(Beginning of SUPPLIED DATA)

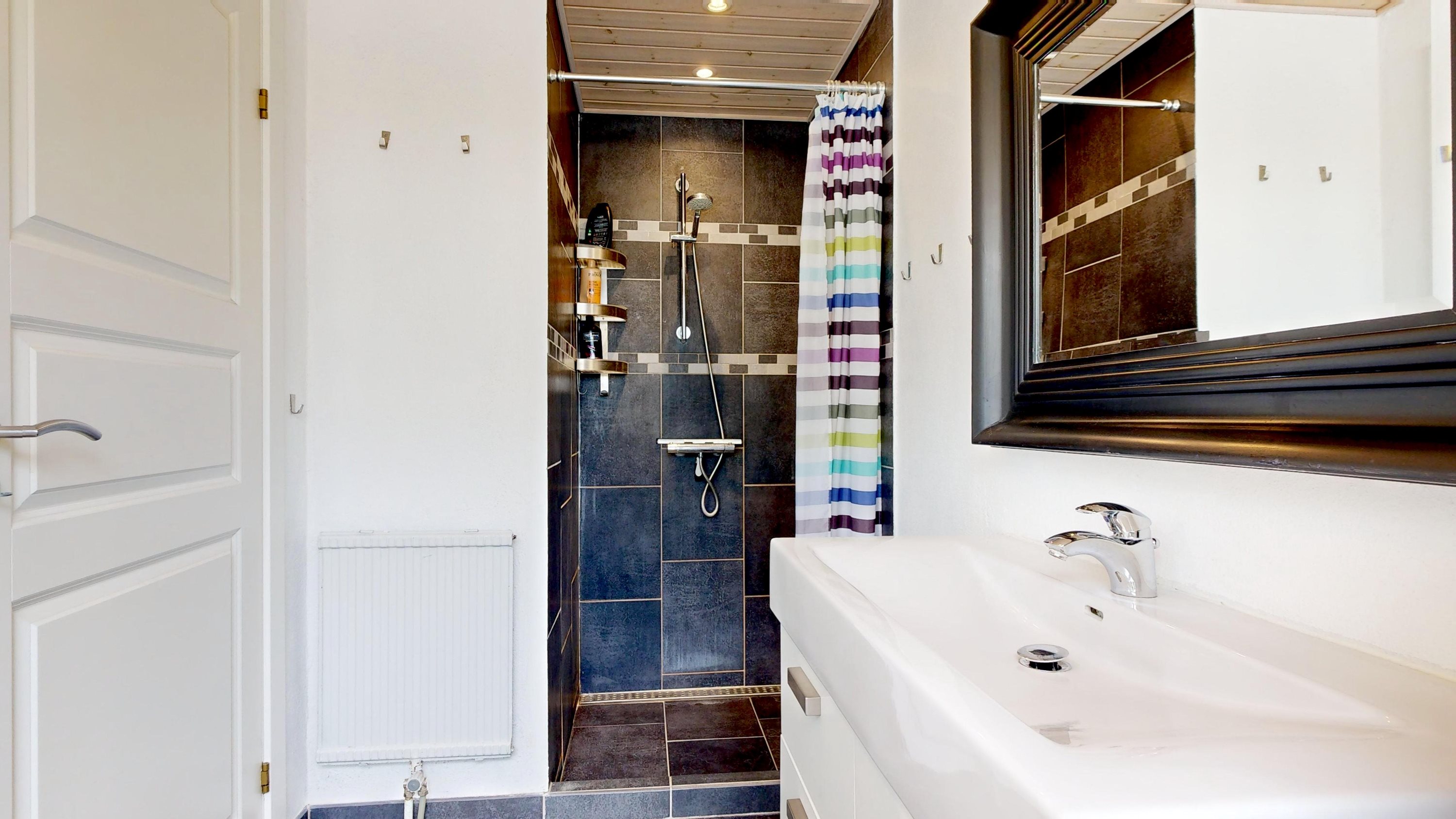 Fremhævet badeværelse billede i fuldskærmstilstand. Billede af Korsbakken 10, Rødding, 8830 Tjele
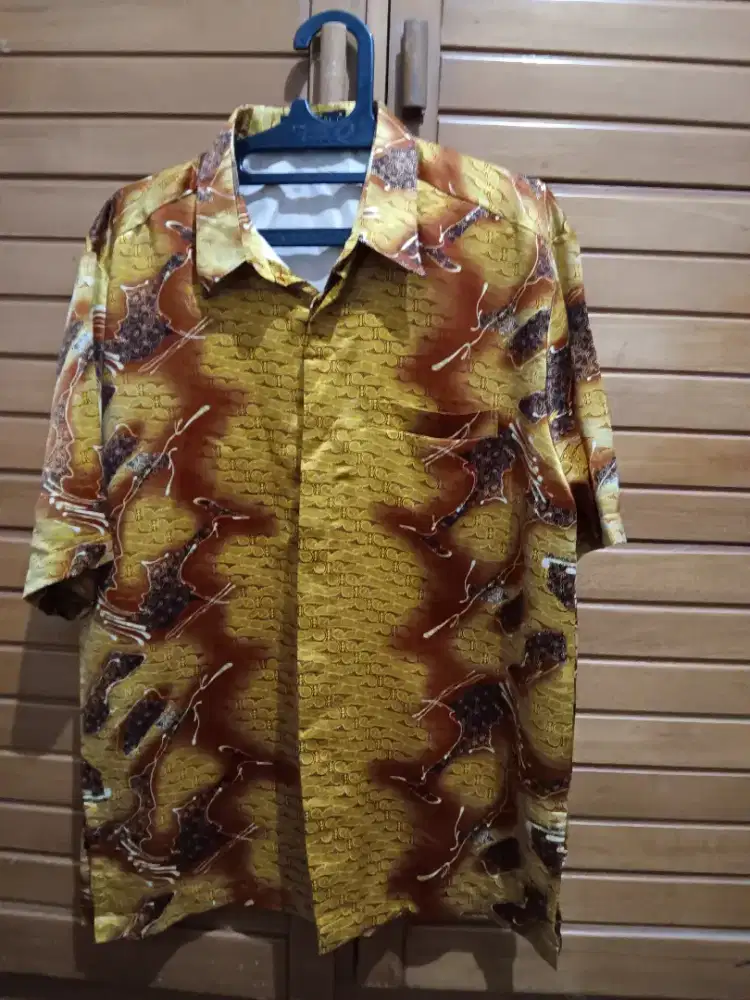 Kemeja batik pria ukuran besar
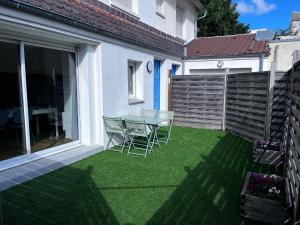 Vonkajšia záhrada v ubytovaní Maison « Maracha » centre ville 150m de la plage + 4 fotografie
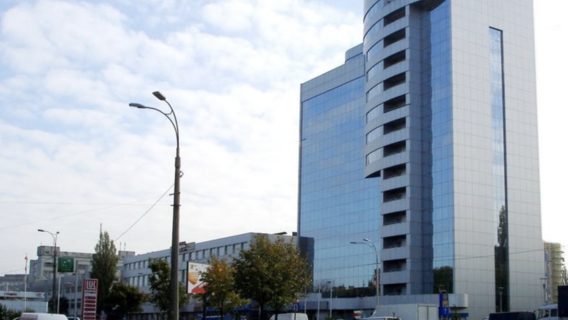 UPD. Днями стало відомо, що «Київстар» здає в оренду 10 поверхів у власному БЦ, де розміщався головний офіс компанії. Що відомо про причини та умови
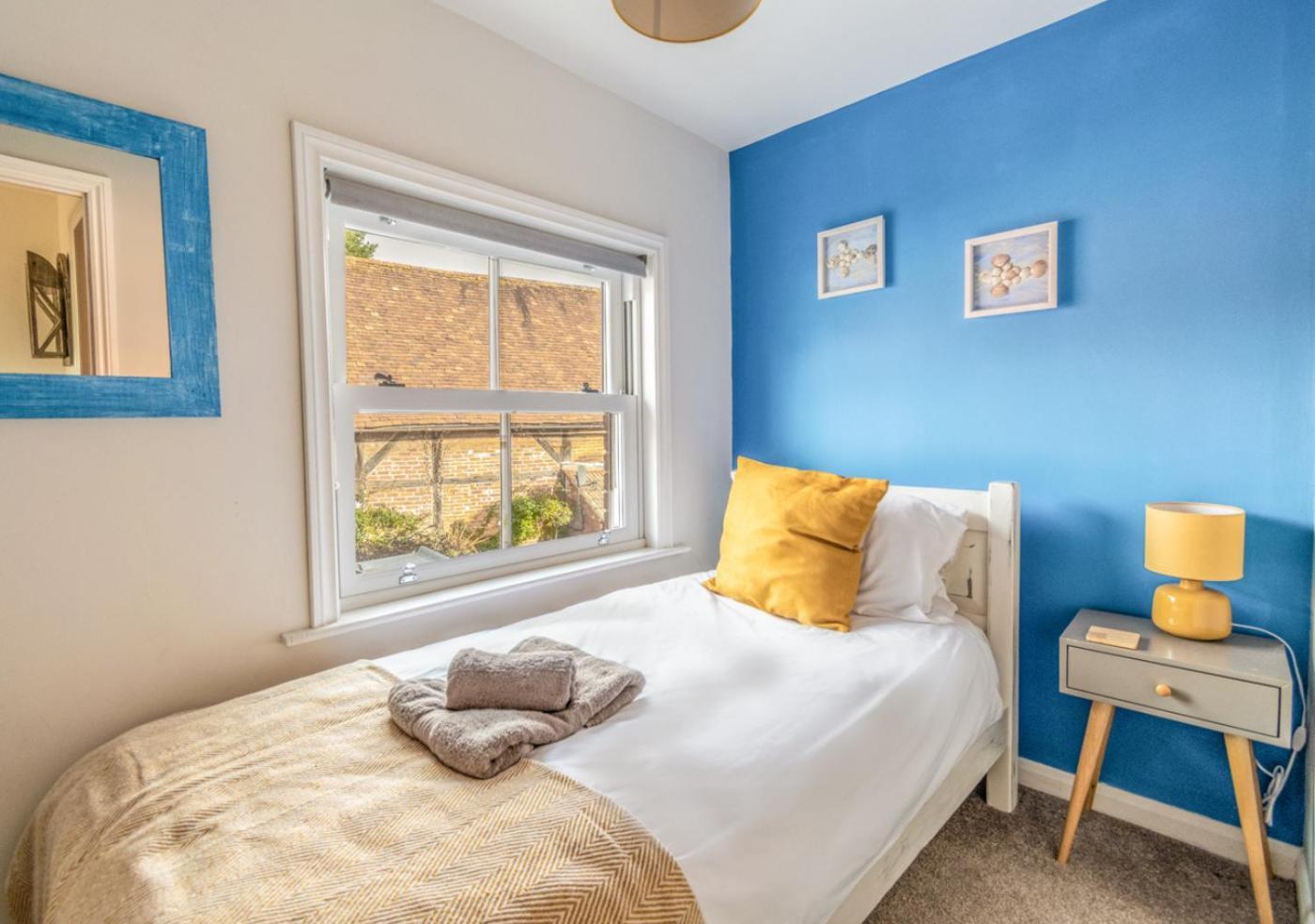 Stylish 2 Bedrooms Cosy & Bright Cottage, Pet Friendly, Sleeps 5, Titchfield Village - Summer Special Offer!! - By Blue Puffin Stays Экстерьер фото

(End of SUPPLIED DATA)

* DESCRIPTION OF THE TASK *
The lines from the start of the records above through the line that holds "Vonkajšia záhrada v" are to be copied exactly, both ends included, and no pictures are to be copied.

* ANSWER TO THE PROBLEM *
 Fremhævet badeværelse billede i fuldskærmstilstand. Billede af Korsbakken 10, Rødding, 8830 Tjele
 Kemeja batik pria ukuran besar
 Vonkajšia záhrada v ubytovaní Maison « Maracha » centre ville 150m de la plage + 4 fotografie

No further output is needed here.